# Goat biting others ears....



## Catahoula (Jan 21, 2013)

My Alpine wether Cody is getting bossy with Walter (Boer) AND Cooper (dog)! If Walter is eating from a bucket, Cody would first try to push him away...then he would bite Walter's ear so Walter would stop eating and lift his head...in shock or pain? Today, Cody did it again to Walter but this time, he held onto the ear. Walter shook his head trying to get away.... I don't think Cody bite him hard or Walter would scream. Then the dog was in the way and Cody bite the dog's ear before I could stop him. No one was injured. That Cody is terrible!!! It was funny before but not so much now since he clearly is using his teeth as weapon! Any suggestion? I don't want to find torn ears on my favorite goat and not to mention on my poor mellow dog!


----------



## ThornyRidgeII (Jan 24, 2013)

I have an ear biter-- typically not nasty about it but the irony is the biter is my floppy doppy eared mini nubian!!  She is biting the ears of my nigies when they get in her way.. What I have seen too is it is just her way of telling them that she is the boss or in most instances " I was eating here first"


----------



## Catahoula (Jan 24, 2013)

Thanks. Today Cody really let Cooper (the dog) have it. He butted the dog sending him a few feet away. The dog just want to sit right next to me and the goat doesn't like that. If this keeps up, poor dog will have to stay inside the house when I do barn chores.


----------



## OneFineAcre (Jan 24, 2013)

My older does bite at the ears of other does kids.

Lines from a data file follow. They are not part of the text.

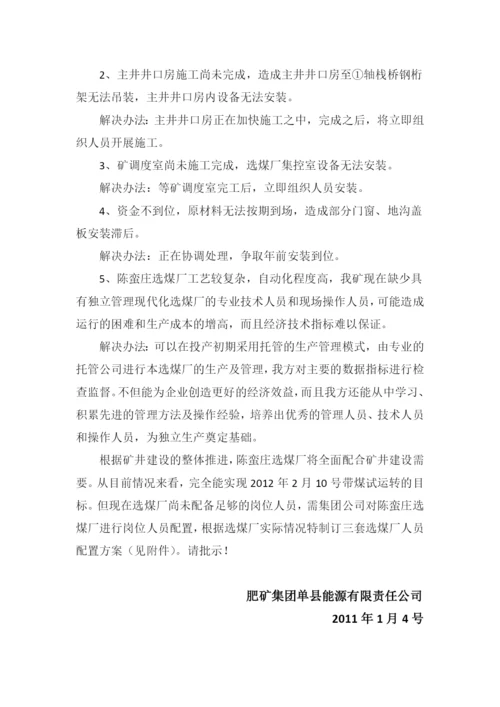 选煤厂人员配置方案.docx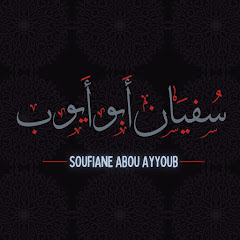 Soufiane Abou Ayyoub Avatar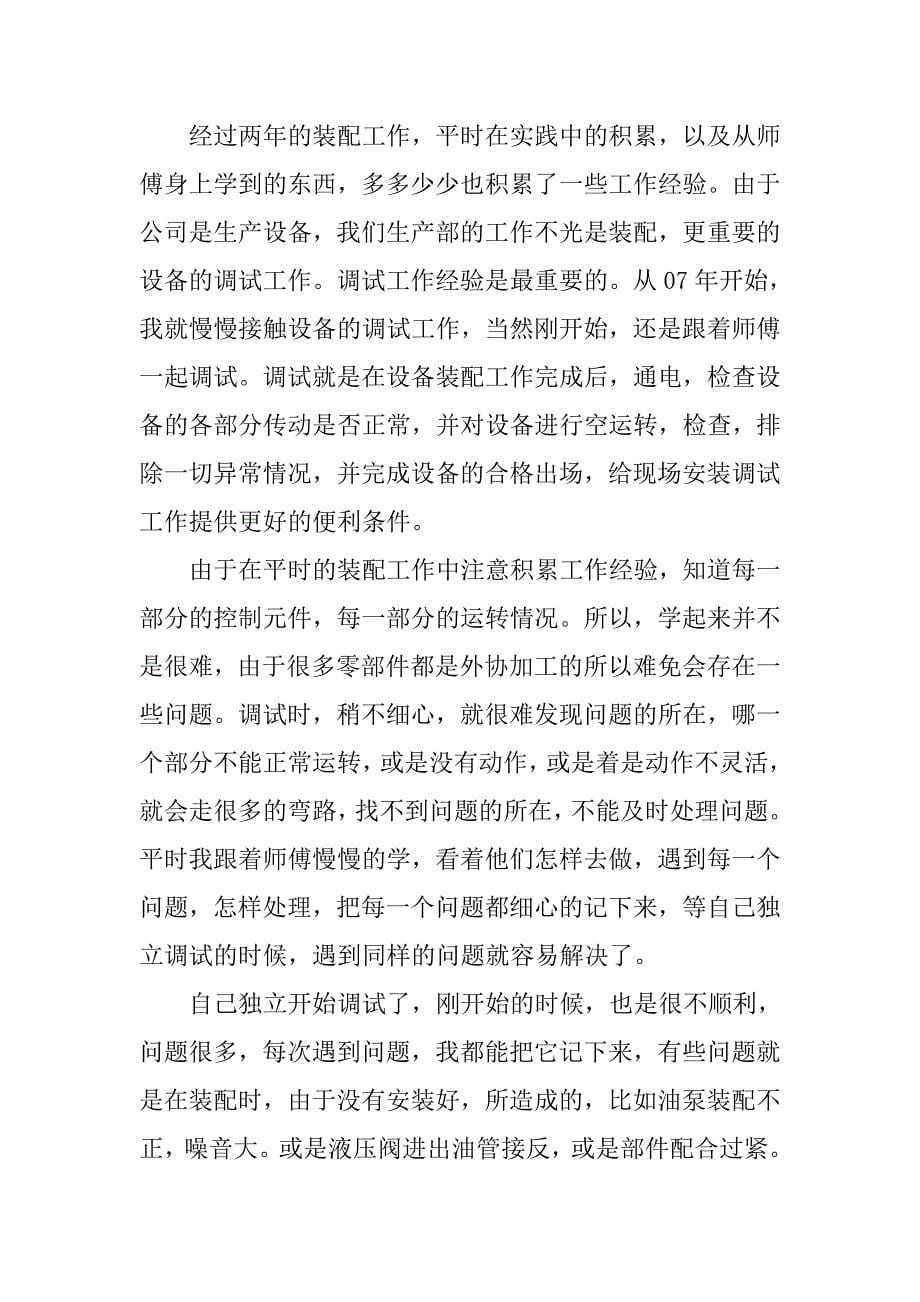 初级职称评定个人工作总结--机械工程师.doc_第5页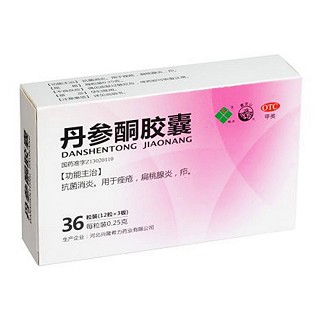 丹參酮膠囊(希力)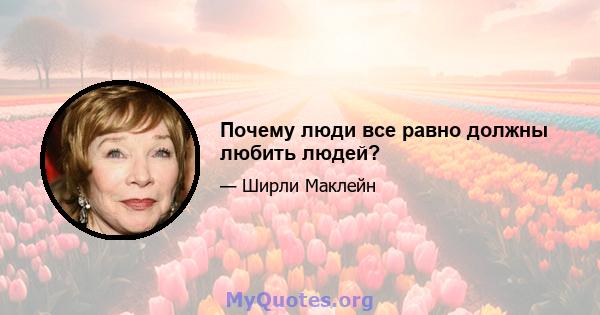 Почему люди все равно должны любить людей?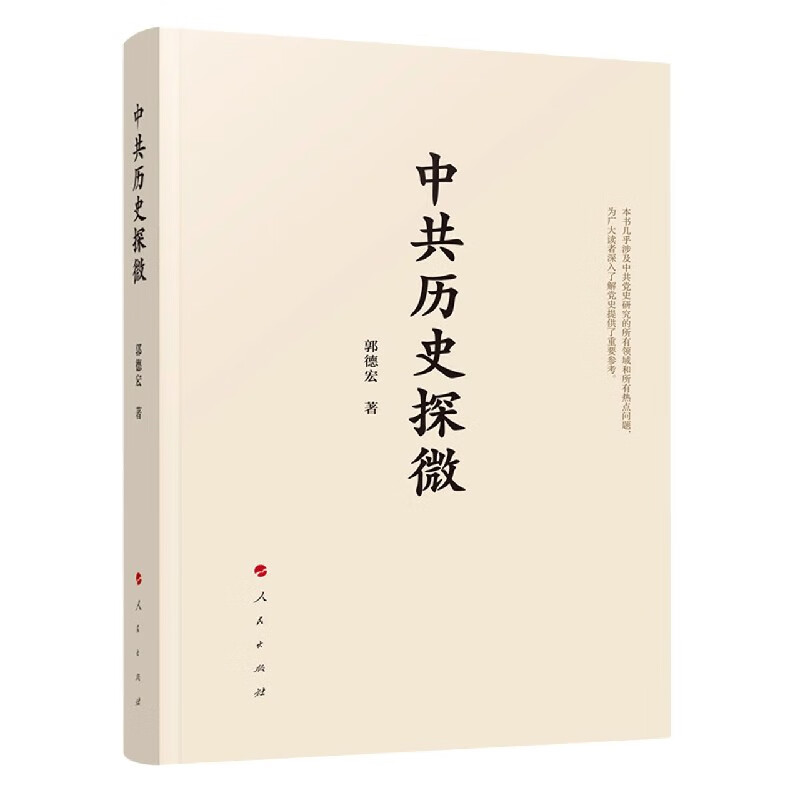 中共历史探微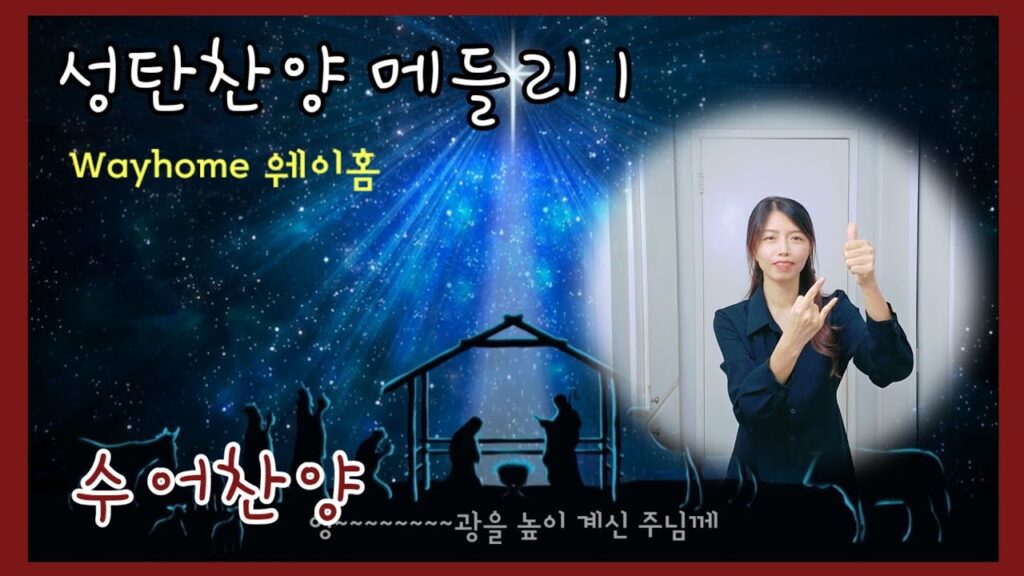 「크리스마스」의 한국수어 표현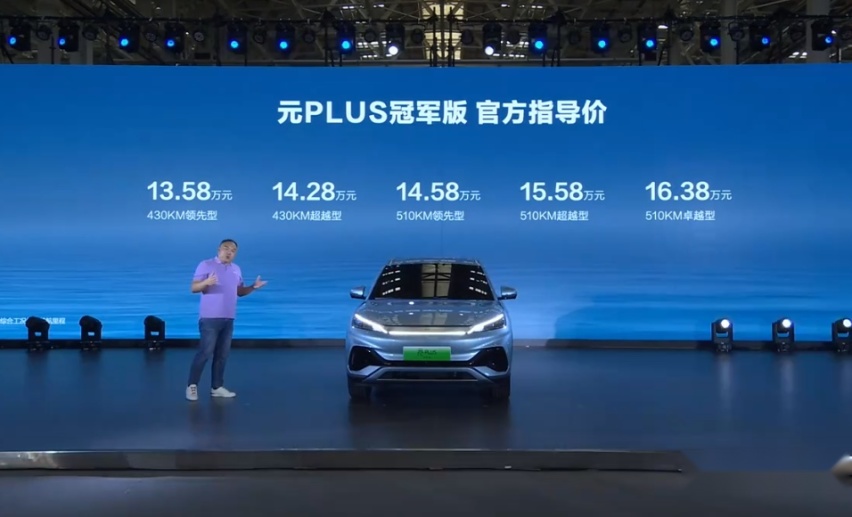 比亚迪元PLUS第50万辆下线 冠军版上市 售13.58万元起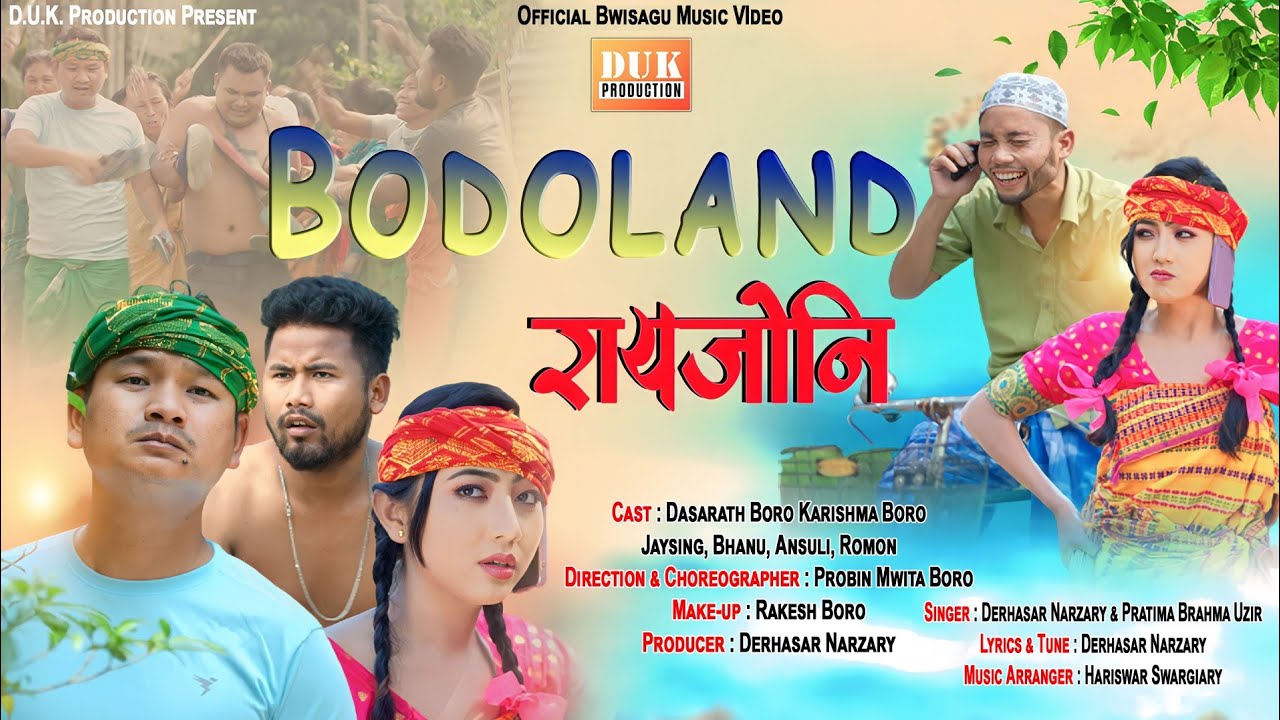 BODOLAND  New Album 2023  Bwisagu Folk song   Derhasar Narzary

Nothing to rough.  I think it's a goat thing


----------



## littlegoat (Mar 9, 2013)

you know what they say goats will eat anything! Even ears! sorry I have no edvice.


----------



## PotterWatch (Mar 9, 2013)

Biting ears is a goat thing. My LaManchas do it sometimes to my sheep. Total unfair advantage there since 1. Sheep dont bite ears, and 2. LaManchas don't have enough ear to grab even if the sheep did want to get back at them!


----------



## Stacykins (Mar 9, 2013)

My herd queen is an ear biter. But she isn't terribly vicious about it. Usually she'll nudge at the other goat (not a headbutt really, 'tis gentle) before she aims for the ears. It usually only happens during food time, since she wants her share FIRST, so if another goat tries to get in her way, she puts them in their place.


----------